From a public post on Facebook by Rt Hon James Cleverly MP
“I have received a lot of correspondence about the Black Lives Matter protests and racism in the UK. I have taken some time to reply to these because I wanted to think carefully about the situation and my response. This is not the time for knee-jerk responses or hot takes.
I have been at the receiving end of racist abuse, and racist attitudes, thankfully it has been rare and has not held me back. Others have had much worse than me and I completely understand the anger, grief, and frustration that they feel.
The killing of George Floyd was a terrible and unacceptable act and I am pleased that the police officers involved have been arrested. It is also clear that there are still divisions in society that need to be addressed. While I recognise this is true here in the UK, the situation in the USA is of a very different scale and nature.
I support the right to lawful protest and recognise that the vast majority of people wish to make their voices heard rather than cause trouble. As with all protests there will be a small number of people who allow their tempers to boil over, and an even smaller number who seek to manipulate the event and cause trouble.
The people who initiate violence, cause vandalism, and desecrate war memorials are undermining the efforts of those protesting. Indeed, their actions provide ammunition for racists to justify their prejudice, I struggle to imagine something more counterproductive.
I am proud that our police officers have acted with dignity and restraint, despite intense provocation by a minority of protesters.
In terms of my own actions; I have worked to help and support Black Britons throughout my time in politics.
My first political role was as Boris Johnson’s Youth Ambassador when he was Mayor of London. We worked to break the cycle of violence that disproportionately impacted black boys, improve their educational attainment, find mentors, and help find sustained employment.
I liaised with the Metropolitan Police and the London Ambulance Service to ensure the police are better able to deal with people who have an acute mental health episode and reduce the risk of death after police contact, both which disproportionately affect black communities.

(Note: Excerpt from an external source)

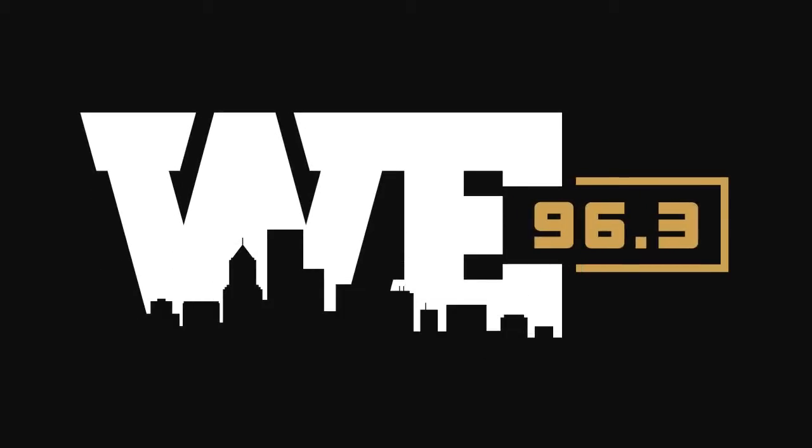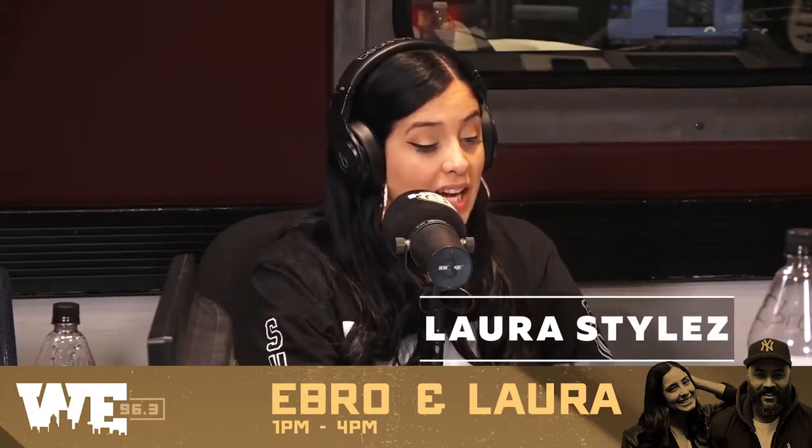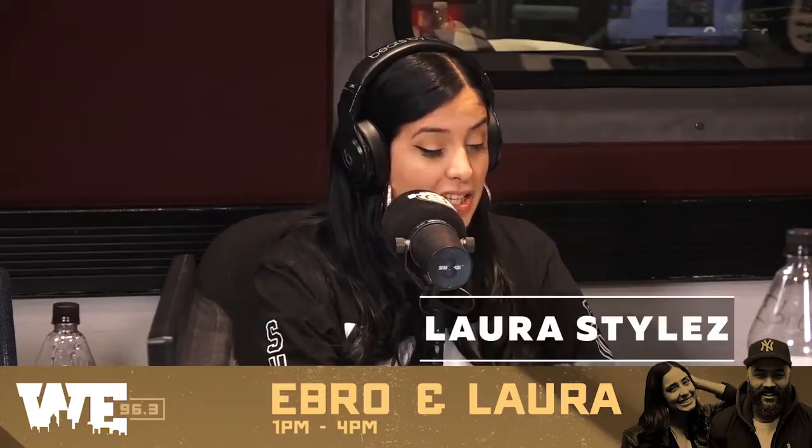All right, guys, so Drake opened up about this past summer's beef with Kanye West, telling LeBron James and his partner Maverick Carter on the new HBO show The Shop that he thought it was a friendly meetup with Kanye in Wyoming, but then things got weird.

Since becoming an MP I am proud that my government initiated the Race Disparity Audit to find and address hidden and subconscious discrimination in the UK.
I have supported and mentored aspiring BAME politicians and through the work that I and my predecessor Conservative Party Chairs have done we have record number of Black Conservative MPs.
I am also proud that we now teach and celebrate the contribution of Black Britons through Black History Month and more widely in the school syllabus. Children are taught a more critical assessment of the British Empire, and historical figures. This is a huge positive step when compared with my time at school.
I have no doubt that contemporary Britain is the best place in the world to be black but the recent BLM protests show there is still more work to do.
I will continue to work to achieve a fair and truly colour-blind society here in the UK.”